By Gabrielle Hernandez, Via Legaltech News
Neota Logic and HighQ Partnership Reveals Lessons About Collaboration In Legal Tech
The two companies’ integrated set of tools may show a growing trend of collaborative technology ventures in the legal community.
The recent platform partnership between enterprise automation software company Neota Logic and content management and collaboration group HighQ in many ways foreshadows what may be a wave of collaborations across the legal technology community.
The two companies have joined forces to introduce a set of Smart Advisor tools that use a joint platform to allow users to utilize the products in tandem.
“We decided to do an integration to enable HighQ customers to build applications using the Neota Logic platform, and the Neota Logic customers to use the HighQ platform to store their data,” said Michael Mills, co-founder and chief strategy officer of Neota Logic.
For the two companies, a pairing of services was intuitive, Mills noted. “We have complementary tools and complementary markets.”
Because the legal technology community is still fairly small, Mills said that collaboration comes fairly naturally. Many of the primary players in legal technology know each other well, and can see ways that products can complement one another to serve law firms and legal departments.
Both Neota Logic and HighQ have designed their products to capitalize on integrating the assets of competing technology.
“That kind of collaboration is built into our approach to problem solving and software,” Mills said, adding that Neota Logic’s platform was optimized to make use of other technology, even complex computational tools like Wolfram Alpha.
Mills explained that legal technology needs are broad and diverse enough today that a comprehensive solution for firms and departments requires lots of different but complementary technology implements operating at once.
“Our software was designed from the beginning to integrate other technology because we recognized that no one technology is going to solve every legal or compliance problem,” Mills said.
“The most interesting legal and compliance problems need a combination of tools. The Neota Logic platform was designed to be the integration that pulls those things together,” he added.

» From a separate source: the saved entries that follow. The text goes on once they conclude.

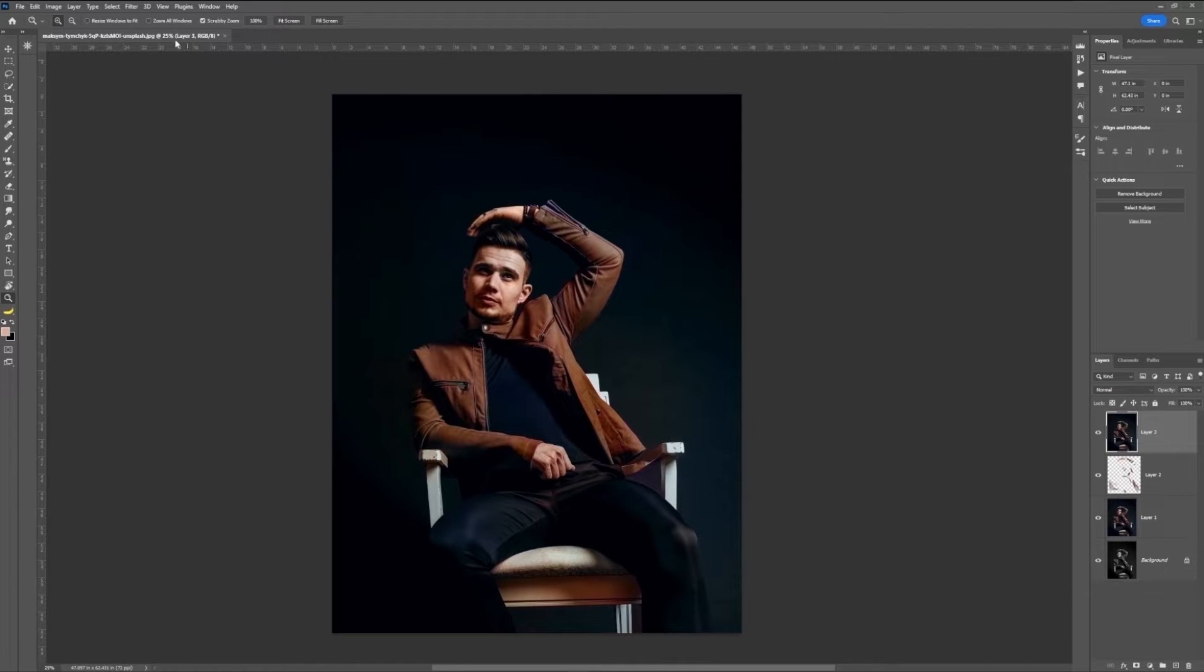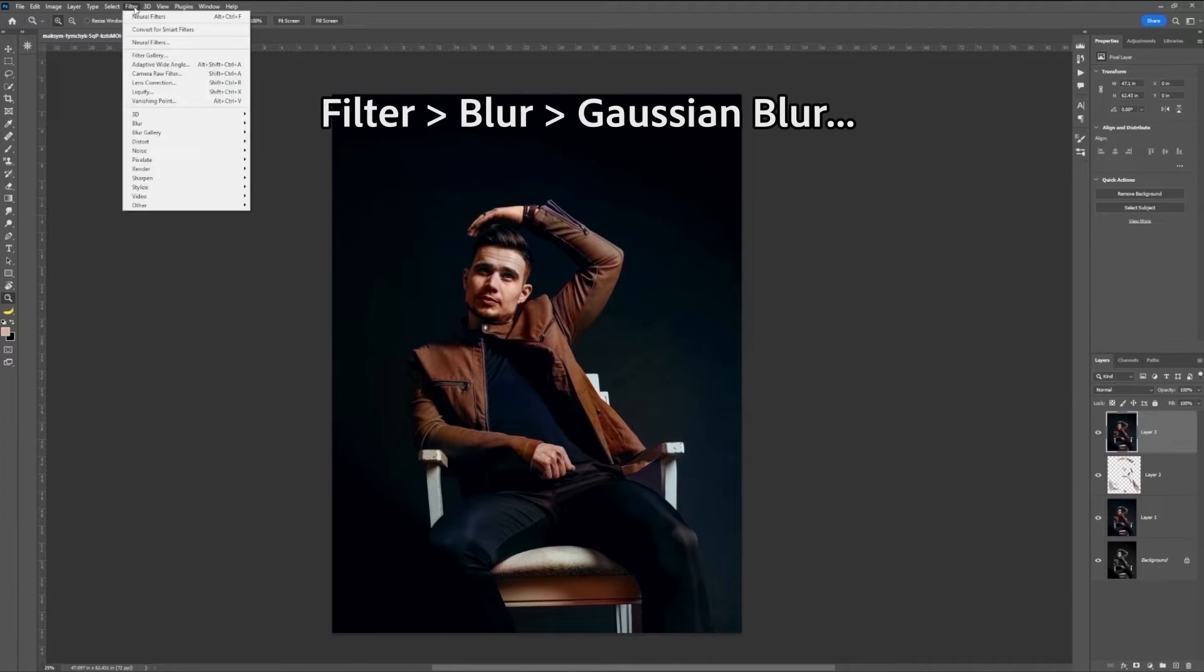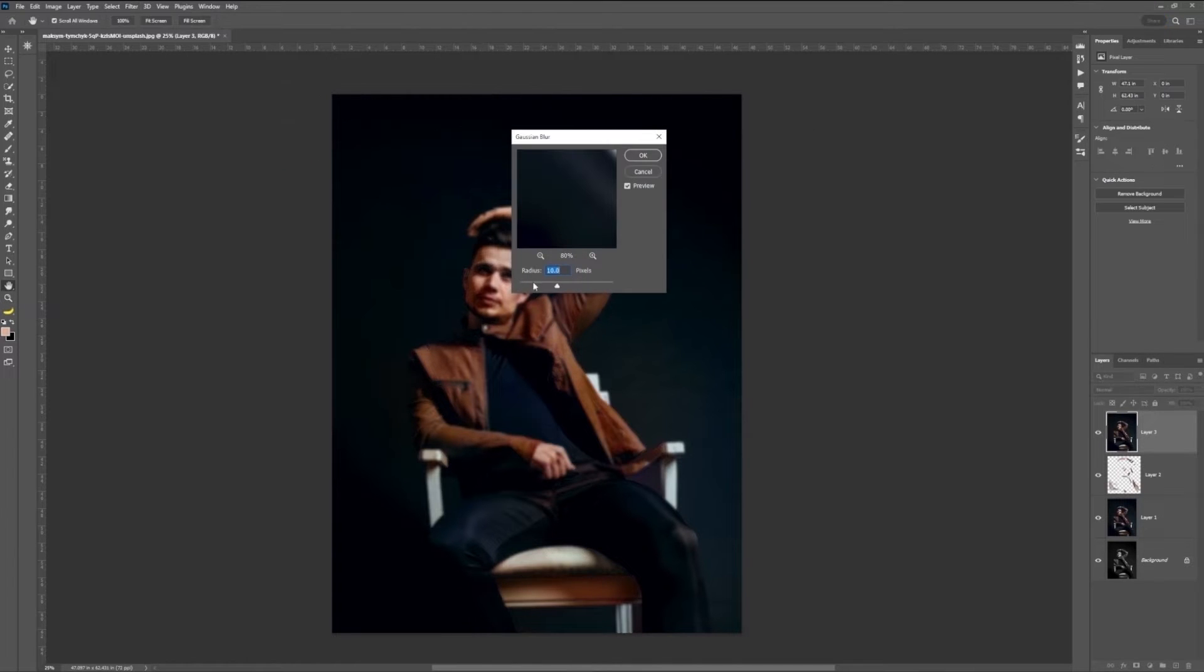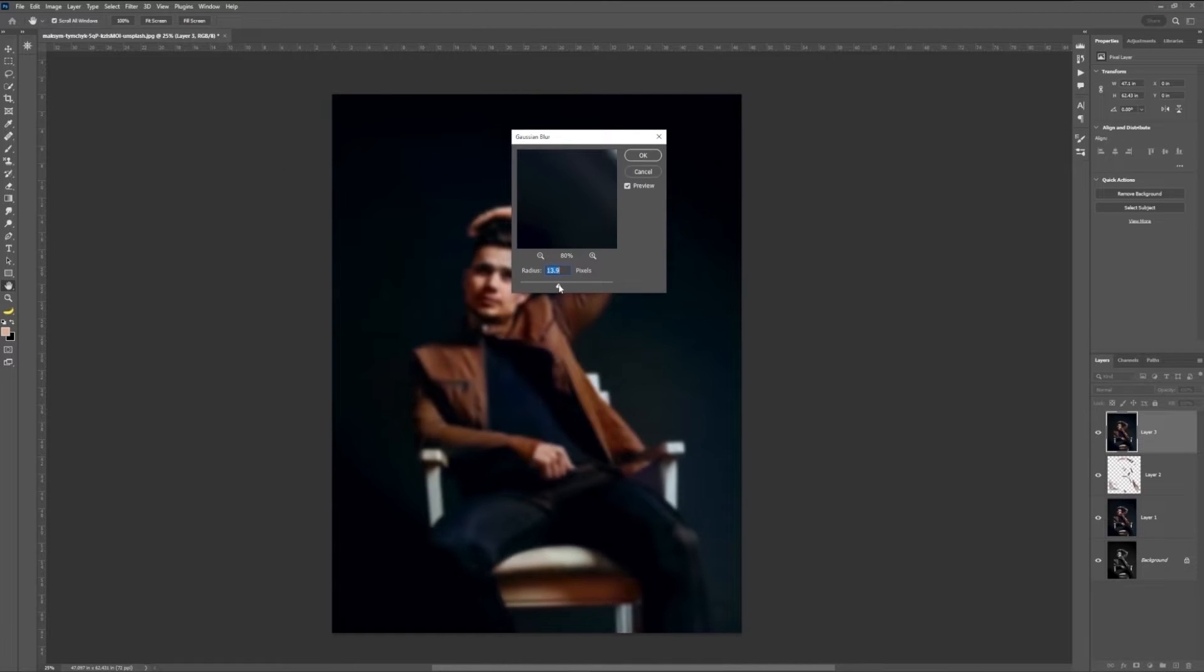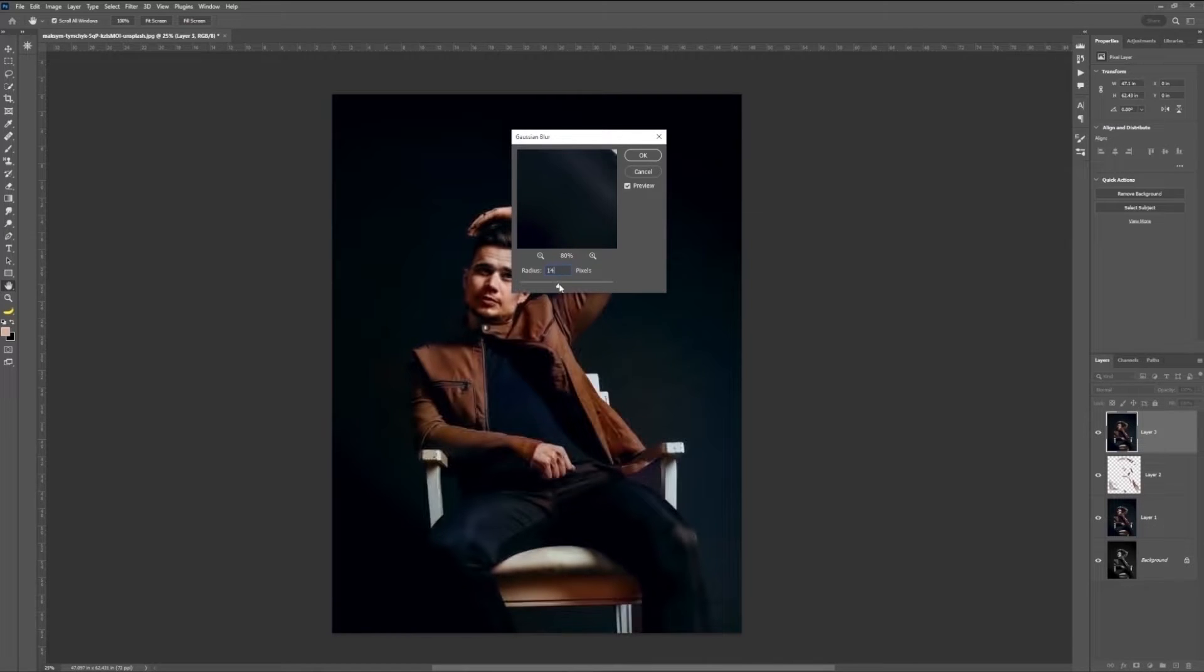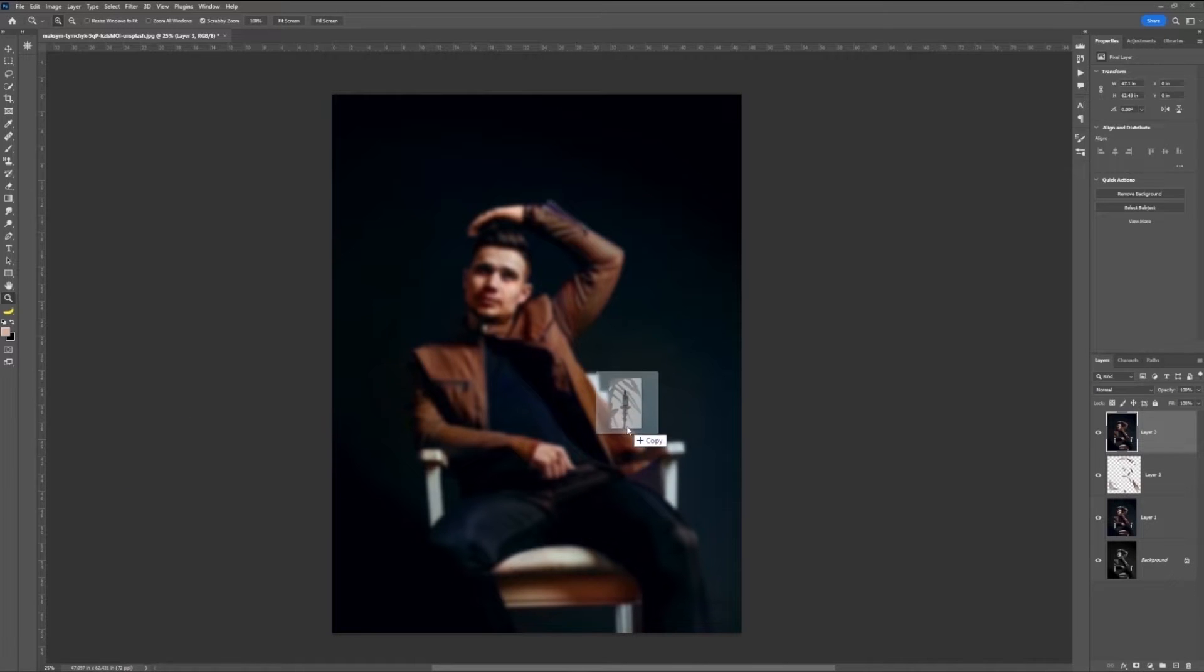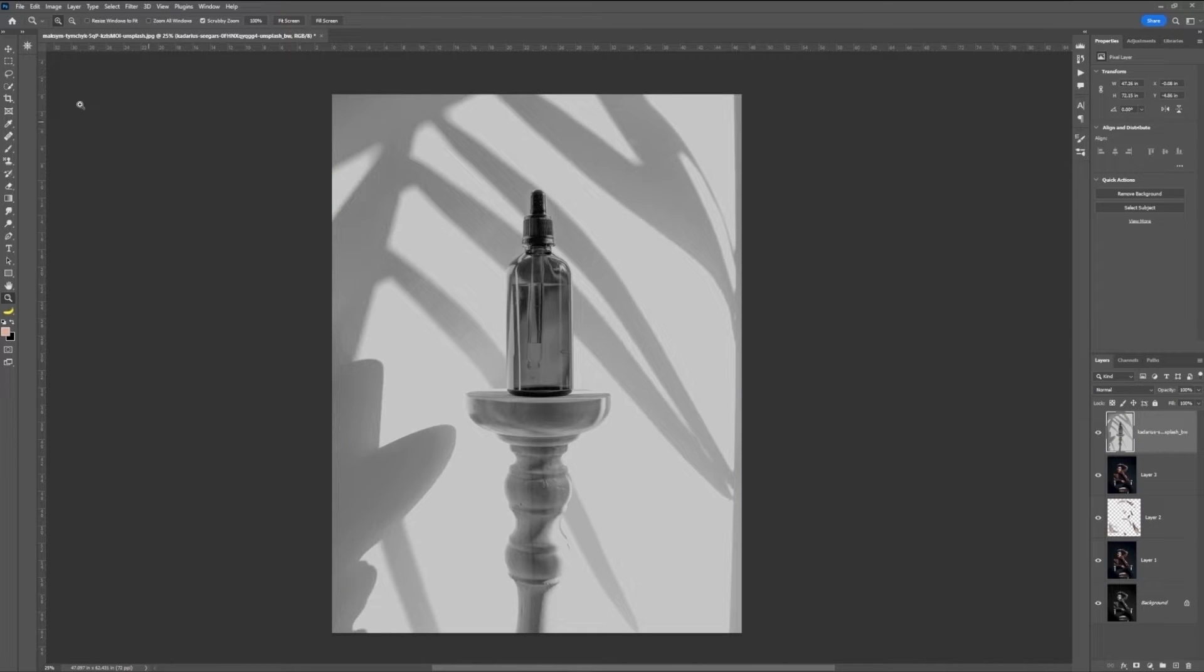This is supposed to be a product photo shoot, so it's not about this guy. So let's go on Filter, Blur, Gaussian Blur, and use one of these classic filters to get him a little bit out of focus. And let's bring something else on top, another image, also black and white, of our product in question.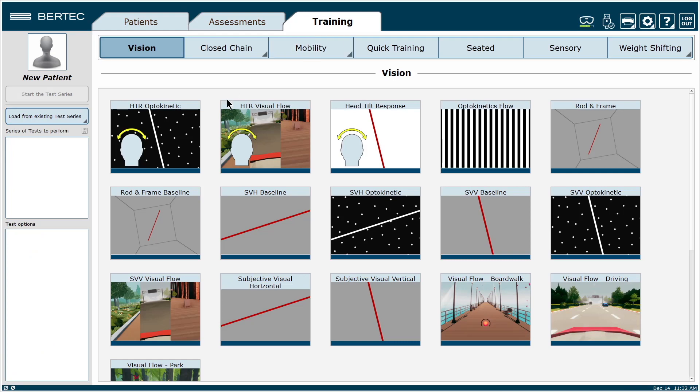If your HMD system is still not connected to Balance Advantage, please watch our Troubleshooting Tips video on how to reconfigure your HMD to Balance Advantage.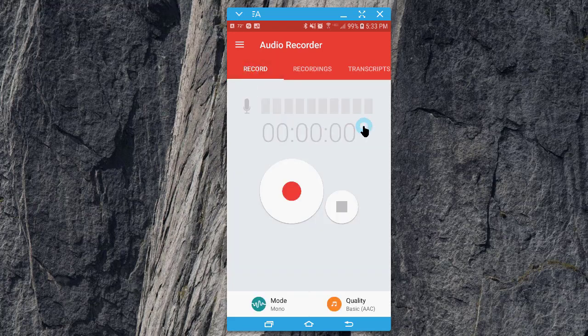And that's basically it, looking at the audio recorder by Sony. Please comment below if you have any questions. Thanks for watching.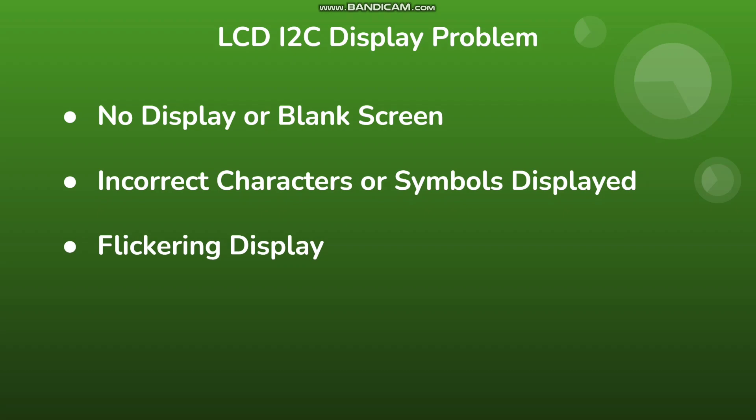These are the common LCD display problems. The first one is either you won't get any display or it will be a blank screen. The second one is it will show incorrect characters or symbols in the LCD display screen. And the third one is the flickering display. Let's see one by one.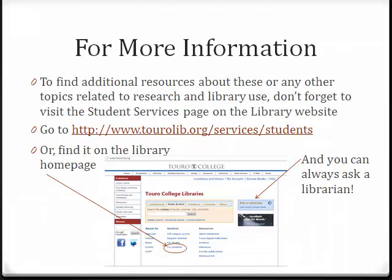And remember, to find additional resources on these or any other topics related to research and library use, don't forget to visit the Student Services page on the library website.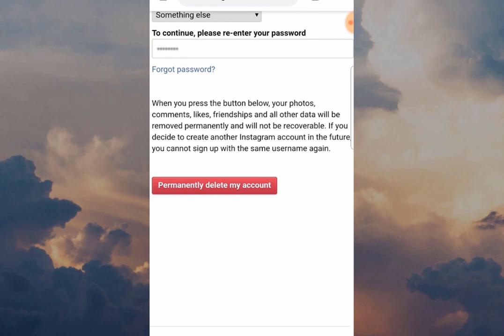The final step — the big red button. Click Permanently Delete My Account and then that's it, you are deleted from Instagram.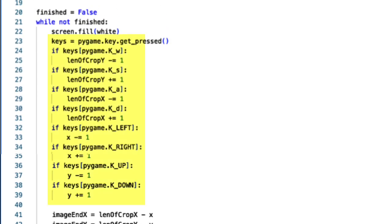What my code does here is that I will use WASD or up, down, right, left keys, and it will automatically adjust how much of the image is cropped.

According to Mills, Neota Logic has also begun various collaboration projects that integrate services from HighQ along with contract analysis platforms like Kira Systems and RAVN Systems.
Despite the computational complexity that law firms and legal departments can get from integrating multiple different platforms, Mills says that legal technology collaborations need user front-end access that gives the product “easy to use but understandable interface to very powerful technology underneath.”
Especially given that many of the biggest producers of technology assisted review in e-discovery and contract management have been in business for the last decade or so, bolstering technological capabilities while still making products user accessible has been a balancing act for Mills and Neota Logic’s integrated projects.
“The trick has been not only to persuade law firms that these tools are economical, but also to make those tools easy enough to use that people will understand them, use them and trust them. That’s been very much a focus in setting the direction for our product,” Mills said. “Every version gets a little better.”